When you learn how to make half square triangles (hst’s) you will find that there are many ways of doing this. I have listed four of them in this half square triangle tutorial, beginning with the most basic method and progressing through three more ways that make more hst’s each time.

The first point to note is that because you are cutting squares to make these half square triangles, you need to begin with larger squares to allow for the additional seam allowance no matter which method you use.

### Half square triangle tutorial – method one

The most basic method is to cut two squares in half along one of the diagonals and then sew two triangles from different fabrics back together again using a 1/4″ seam along the long edge. Press the seam allowance towards the darker fabric and trim the corners where the triangle tips stick out.

You will need to begin with 2.7/8″ squares to give you 2.1/2″ half square triangle units. These in turn will give you 2″ finished size squares within the quilt.

### Half square triangle – method two

This method is the one that I use most frequently. You can use chain sewing and make lots of them at a time. Again you need to begin with a pair of 2.7/8″ squares. Place them with right sides together and mark a line along the diagonal. Sew a 1/4″ seam either side of the marked line and cut along the line. You will be left with two triangles each with a seam along the bottom. These open up to form two half square triangles which are 2.1/2″ squares.

Apart from speed, this method also has the advantage that you are sewing the diagonal (bias) edge before you cut it, so you reduce the chance of the fabric stretching along the bias.

### Half square triangle tutorial – method three

In the third method you can make four half square triangles at a time. Cut two 4.1/4″ squares and place them with right sides together. Sew a 1/4″ seam all round the edge of the square. Cut along both diagonals to create four sections. Each one of these will open up to form a half square triangle which is a 2.1/2″ square.

This is a very simple method and I’m not sure why I don’t use it more often.

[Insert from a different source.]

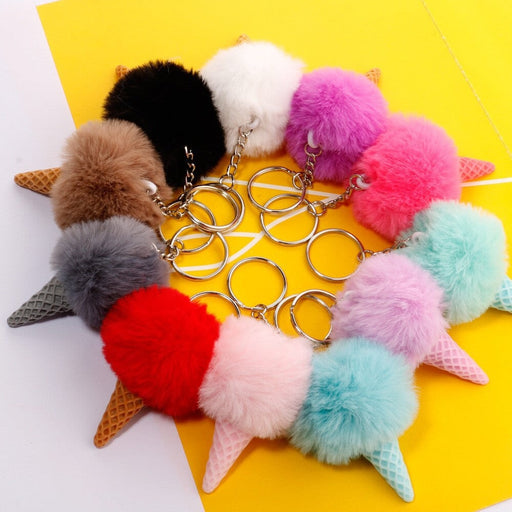 Wholesale Ice Cream HairBall Keychain JDC-KC-QiShi006 Keychains 奇释 Wholesale Jewelry JoyasDeChina Joyas De China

### Half square triangle tutorial – method four

The fourth method steps the quantity up again – this time you can make eight half square triangles at one go. Cut two 6″ squares and place them with right sides together. Mark a line along both diagonals and sew a 1/4″ seam either side of both of these lines – so that’s four seams that you need to sew.

Cut along each marked line on the two diagonals. In addition, cut the square down the middle both horizontally and vertically.

You will now have cut the squares into eight sections. Each one of these will open up into a half square triangle unit which is 2.1/2″ square.

So there you have it – four methods for making half square triangles. I suspect that I have only scratched the surface here and that there are probably many more methods around, but these ones are all simple to use.

Here’s the video:

Hi Rose – I was wondering, on all of these methods for half square triangles, you say the result will be a 2.5 inch half square triangle square. Is there any wiggle room here? That is, will they need squaring up to be 2.5 inches or do they come out exact every time? Personally, I like a little wiggle room in case I don’t sew an accurate seam. 🙂

Thank you.

Hi Kathleen. The measurements that I have given should give a 2.1/2″ square exactly. I know what you mean about needing wiggle room, but I find that I need to make so many half square triangles that I don’t want to spend extra time trimming. You would need to add a little to all my measurements to give yourself a bit of leeway.

Thanks so much for posting all of these techniques together, along with the dimensions! I’ve been looking for notes on dimensions, so these are quite handy.

One observation about the third technique: If the original square pieces of fabric are cut along the fabric grain, the third technique will result in finished pieces whose outer edges are cut along the bias (meaning, if using this method, then handle the finished pieces carefully when piecing and pressing so as not to distort the shape).

Thanks for that comment, Wendy. Very valid point.

I have the Easy Angle ruler, but I find it is a wee bit neat and too small at times. I have now opted for the Magic 8 method, starting with a 6 inch square. I have found that I need to tidy each half-square down to the correct size, but boy is it accurate!

Thanks for those comments. I have never used the Easy Angle ruler and I’m sure other quilters will be interested to hear your view.